Your instructions | Begin at the line below that has "ギフト 紅茶 [マリアージュフレール]" and stop after the line that has "猫咪短剧助手appp官方版图片1". Please restate only those lines, word for word.

Entries provided |
------------------------------------------------------------

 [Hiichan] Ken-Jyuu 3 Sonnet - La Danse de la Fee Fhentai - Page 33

------------------------------------------------------------

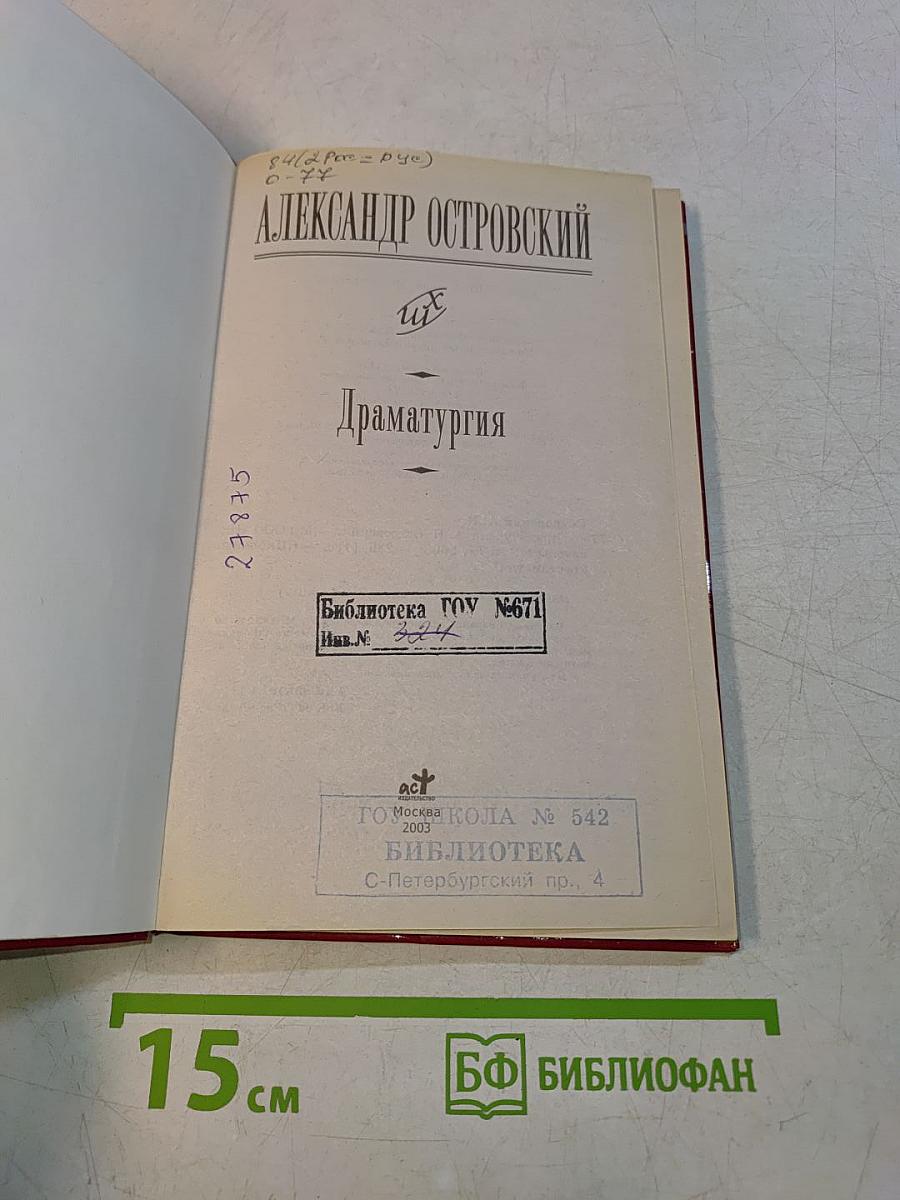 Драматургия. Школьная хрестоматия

------------------------------------------------------------

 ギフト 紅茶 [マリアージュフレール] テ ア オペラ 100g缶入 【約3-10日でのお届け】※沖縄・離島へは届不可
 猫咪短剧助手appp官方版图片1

------------------------------------------------------------

Solution for this problem |
 ギフト 紅茶 [マリアージュフレール] テ ア オペラ 100g缶入 【約3-10日でのお届け】※沖縄・離島へは届不可
 猫咪短剧助手appp官方版图片1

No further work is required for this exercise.